# R-Vision Condor Slide question



## nschramm (Jan 6, 2008)

Anyone know how to manually get the slide in & out on a Class C 31 footer?  And any ideas on why the slide won't go in & out?  When I push the button, I don't even hear anything.  I checked fuses & tried a couple of reset buttons underneath the stairs but nothing has worked.
Thanks -
Nadine


----------



## Guest (Jan 6, 2008)

RE: R-Vision Condor Slide question

If u look under the slide (outside ) there should be a jack or a crank that u can pull the slide in ,, i would also ck in some of u'r outside compartments ,, sometimes they put fuses and such for the sldies in them ,,,, JMO

Welcome to the forum


----------



## TexasClodhopper (Jan 6, 2008)

Re: R-Vision Condor Slide question

Mine has two square 'covers' and a long crank handle in the bay. You take those covers off, put the crank in there, and sweat.  Then you do it a little on the other side. Then back to this side. And so on and so on ...

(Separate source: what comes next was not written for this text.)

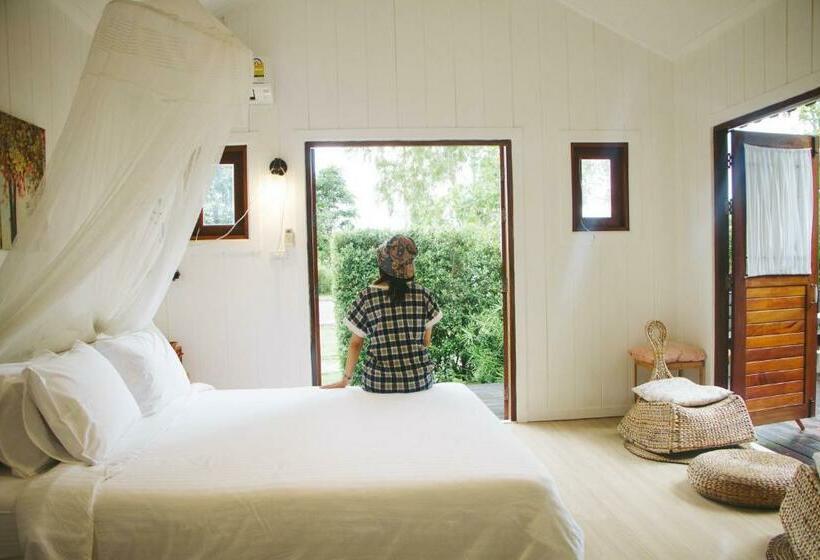 אתר נופש Terrua Main Ten Villa Garden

Then when you get home, you start looking around for the problem.

My Winnie's are run by electric motors and gears. Some are hydraulic, but probably not on a Class C.


----------



## nschramm (Jan 6, 2008)

RE: R-Vision Condor Slide question

I did check under the slide & in the compartments, but I didn't see anything that looked like a crank.  But I am not exactly mechanically-inclined so maybe I missed it.


----------



## Guest (Jan 6, 2008)

RE: R-Vision Condor Slide question

have u cked the owners manual ,, if so there should be a page in there about the slides ,, and what to do if the power fails ,, it should point u to a manual emergency setup ,,,
If it doesn't i would put a call into the local rv shop ,, as for me ,, all the slides i have seen have manual cranks or jacks that can return the slide to a closed position ,,,, JMO 

If u give me the year and make of u'r rv ,, i can look it up and get the factory manual on all the options ,, and maybe this will help  :approve:


----------



## hertig (Jan 6, 2008)

Re: R-Vision Condor Slide question

On mine, there is a lever on the motor you flip to disengage the motor, then use a wrench to rotate the shaft to bring it in manually.


----------



## nschramm (Jan 7, 2008)

RE: R-Vision Condor Slide question

The owners manual just said to ask the dealer, which is in FL & I'm now in TX (& they weren't very good anyway).  It's an R-Vision Condor Class C 2003, 31 foot.


----------



## Guest (Jan 7, 2008)

RE: R-Vision Condor Slide question

I think that should be a dealer where u are at that could answer u'r question ,, but i would also ck if there is a local mobile rv repair service that might have seen this problem ,, i myself have only delt with a few slides and all were blown fuses and one was a critter chewed wiring harness ,, but please let us know how it turns out      :approve:


----------